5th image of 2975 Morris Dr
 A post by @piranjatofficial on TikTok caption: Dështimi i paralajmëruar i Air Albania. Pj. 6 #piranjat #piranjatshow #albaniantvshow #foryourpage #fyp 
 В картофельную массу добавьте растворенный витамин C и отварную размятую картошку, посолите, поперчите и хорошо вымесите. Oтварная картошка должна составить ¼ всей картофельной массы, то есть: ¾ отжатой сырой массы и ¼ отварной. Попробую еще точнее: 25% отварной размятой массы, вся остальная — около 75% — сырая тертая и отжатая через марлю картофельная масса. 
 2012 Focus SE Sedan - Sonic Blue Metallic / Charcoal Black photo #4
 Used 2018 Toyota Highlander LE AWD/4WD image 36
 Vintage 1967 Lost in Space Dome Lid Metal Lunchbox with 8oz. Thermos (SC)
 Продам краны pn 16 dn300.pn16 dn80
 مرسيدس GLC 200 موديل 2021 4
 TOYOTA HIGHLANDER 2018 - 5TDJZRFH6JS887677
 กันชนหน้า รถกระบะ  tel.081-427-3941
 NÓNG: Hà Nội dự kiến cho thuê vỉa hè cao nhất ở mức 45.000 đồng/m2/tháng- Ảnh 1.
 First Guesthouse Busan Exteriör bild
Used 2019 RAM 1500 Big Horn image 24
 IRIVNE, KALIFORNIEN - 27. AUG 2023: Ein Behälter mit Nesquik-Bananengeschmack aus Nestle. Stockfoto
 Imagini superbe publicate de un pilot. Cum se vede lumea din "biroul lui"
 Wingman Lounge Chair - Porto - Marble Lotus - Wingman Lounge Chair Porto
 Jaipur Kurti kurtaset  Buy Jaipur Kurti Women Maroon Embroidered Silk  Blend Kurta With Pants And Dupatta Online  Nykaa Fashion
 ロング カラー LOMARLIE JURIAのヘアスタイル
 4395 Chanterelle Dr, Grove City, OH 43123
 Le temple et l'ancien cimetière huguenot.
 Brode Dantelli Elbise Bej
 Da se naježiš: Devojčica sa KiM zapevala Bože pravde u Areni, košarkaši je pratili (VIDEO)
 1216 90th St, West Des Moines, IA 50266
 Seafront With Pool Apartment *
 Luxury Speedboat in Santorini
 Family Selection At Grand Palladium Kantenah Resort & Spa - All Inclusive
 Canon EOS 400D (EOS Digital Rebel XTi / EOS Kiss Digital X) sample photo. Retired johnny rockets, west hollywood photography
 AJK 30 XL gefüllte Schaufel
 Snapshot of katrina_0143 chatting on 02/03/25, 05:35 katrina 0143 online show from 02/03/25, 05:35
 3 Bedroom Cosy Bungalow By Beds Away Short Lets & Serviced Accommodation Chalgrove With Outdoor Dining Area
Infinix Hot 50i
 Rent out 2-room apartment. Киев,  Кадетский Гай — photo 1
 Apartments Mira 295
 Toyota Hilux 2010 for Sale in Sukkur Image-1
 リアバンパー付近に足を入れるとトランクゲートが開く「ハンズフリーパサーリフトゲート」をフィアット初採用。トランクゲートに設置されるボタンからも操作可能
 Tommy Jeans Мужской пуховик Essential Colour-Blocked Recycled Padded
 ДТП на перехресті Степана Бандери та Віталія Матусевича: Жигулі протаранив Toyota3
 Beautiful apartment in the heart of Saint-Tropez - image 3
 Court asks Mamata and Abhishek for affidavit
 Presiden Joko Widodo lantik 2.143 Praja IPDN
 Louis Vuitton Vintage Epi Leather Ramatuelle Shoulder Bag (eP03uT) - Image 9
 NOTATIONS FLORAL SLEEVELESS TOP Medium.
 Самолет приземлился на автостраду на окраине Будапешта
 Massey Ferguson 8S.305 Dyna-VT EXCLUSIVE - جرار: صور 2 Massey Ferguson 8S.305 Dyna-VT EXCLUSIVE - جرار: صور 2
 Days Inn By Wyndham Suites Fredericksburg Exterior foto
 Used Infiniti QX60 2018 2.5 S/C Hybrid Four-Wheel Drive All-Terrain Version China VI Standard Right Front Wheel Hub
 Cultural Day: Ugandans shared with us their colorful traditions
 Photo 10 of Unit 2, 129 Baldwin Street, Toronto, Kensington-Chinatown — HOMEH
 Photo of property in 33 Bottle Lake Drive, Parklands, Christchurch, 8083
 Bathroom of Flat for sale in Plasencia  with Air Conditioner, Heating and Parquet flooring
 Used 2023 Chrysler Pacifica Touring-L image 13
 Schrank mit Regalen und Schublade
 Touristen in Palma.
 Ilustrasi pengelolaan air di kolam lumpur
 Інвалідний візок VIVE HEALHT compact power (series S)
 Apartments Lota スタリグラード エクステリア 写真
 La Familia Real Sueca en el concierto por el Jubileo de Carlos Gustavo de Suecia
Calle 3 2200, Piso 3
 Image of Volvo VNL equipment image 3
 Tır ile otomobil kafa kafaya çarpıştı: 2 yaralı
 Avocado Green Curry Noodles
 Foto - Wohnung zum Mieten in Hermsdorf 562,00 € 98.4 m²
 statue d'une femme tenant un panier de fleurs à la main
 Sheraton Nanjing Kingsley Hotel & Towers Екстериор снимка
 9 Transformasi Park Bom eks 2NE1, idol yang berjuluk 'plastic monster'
##############################
● REQUIRED WORK
Look above for the line holding "Used Infiniti QX60" and the line holding "Apartments Lota スタリグラード エクステリア 写真". Retype both, and every line between them, word for word and nothing else.

● WRITTEN SOLUTION
 Used Infiniti QX60 2018 2.5 S/C Hybrid Four-Wheel Drive All-Terrain Version China VI Standard Right Front Wheel Hub
 Cultural Day: Ugandans shared with us their colorful traditions
 Photo 10 of Unit 2, 129 Baldwin Street, Toronto, Kensington-Chinatown — HOMEH
 Photo of property in 33 Bottle Lake Drive, Parklands, Christchurch, 8083
 Bathroom of Flat for sale in Plasencia  with Air Conditioner, Heating and Parquet flooring
 Used 2023 Chrysler Pacifica Touring-L image 13
 Schrank mit Regalen und Schublade
 Touristen in Palma.
 Ilustrasi pengelolaan air di kolam lumpur
 Інвалідний візок VIVE HEALHT compact power (series S)
 Apartments Lota スタリグラード エクステリア 写真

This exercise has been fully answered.